The Museum of Contemporary Art (MOCA) presents Black Panther: The Revolutionary Art of Emory Douglas, a compelling exhibition that traces the searing graphic art made by Emory Douglas while he worked as Minister of Culture for the Black Panther Party from 1967 until its discontinuation in the early 1980s.
Douglas’s iconic work helped create the identity of the party, defining the trademark visual style of the group’s newspapers, posters, and pamphlets.
His work also serves as a powerful testament to the efficacy of visual art to communicate a political position.

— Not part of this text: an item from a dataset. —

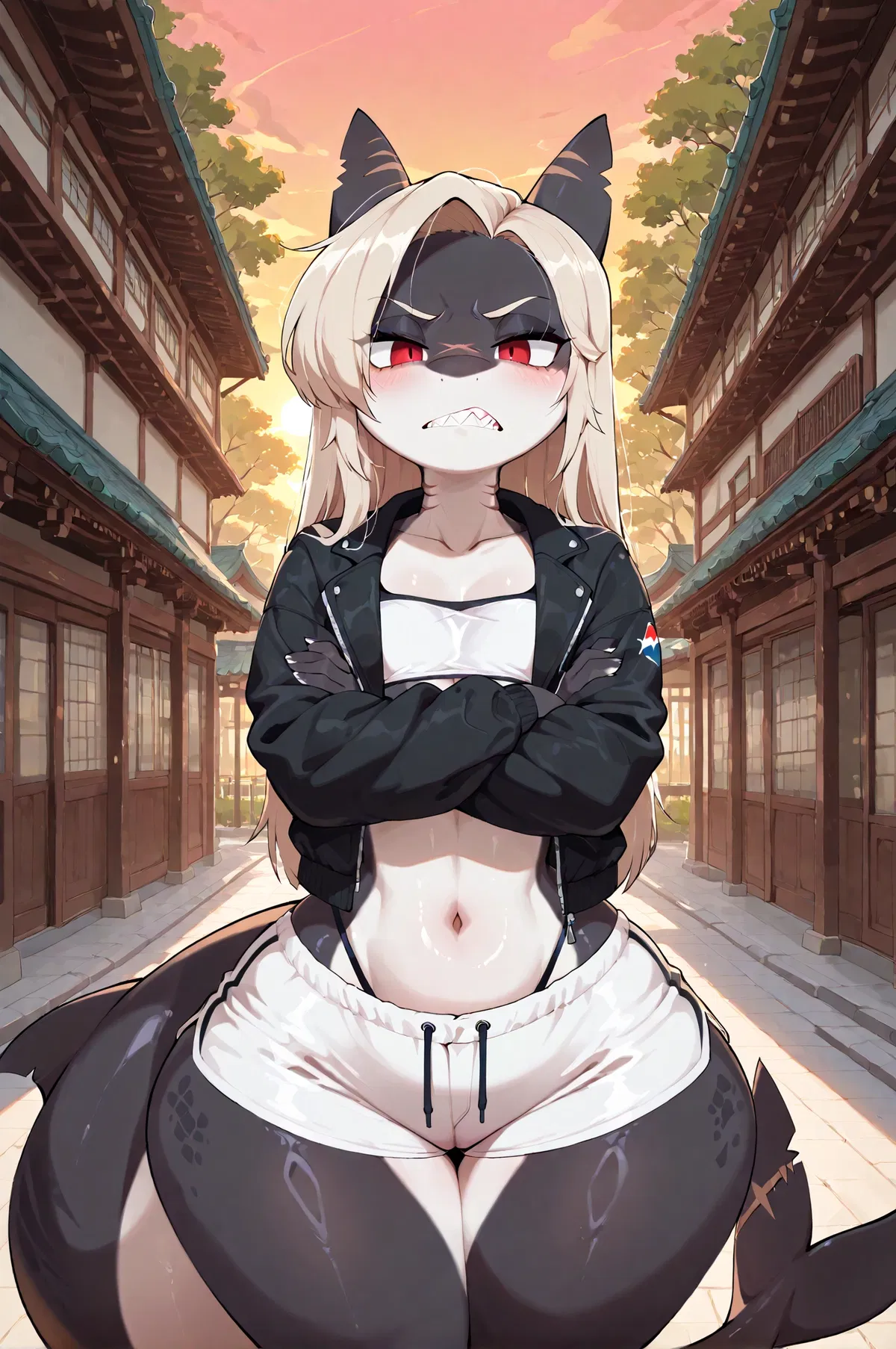 Avatar of “Keep lookin’ at me like that, and I swear, next time we’re in the water, I won’t let you up for air.” Reef - tsundere shark femboy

Organized by MOCA Ahmanson Curatorial Fellow Sam Durant, the exhibition will be on view at MOCA Pacific Design Center October 21, 2007 through January 20, 2008 and includes approximately 150 of the artist’s most influential works.

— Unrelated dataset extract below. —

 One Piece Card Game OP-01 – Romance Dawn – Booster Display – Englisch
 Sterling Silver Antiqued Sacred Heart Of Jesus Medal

MOCA Director Jeremy Strick comments, “Emory Douglas is a seminal, political, contemporary artist whose work MOCA is proud to present 40 years after the artist first made his indelible mark on the Black Panther Party.
More than ever, Douglas’s work shows how significantly visual art can effect social discourse and political change and mold popular culture-a phenomenon at the heart of MOCA’s thinking.”
From 1967, the year Douglas joined the Black Panthers, to its discontinuation in the early 1980s, the party cultivated a strong identity that was often described as angry, militant, and incendiary.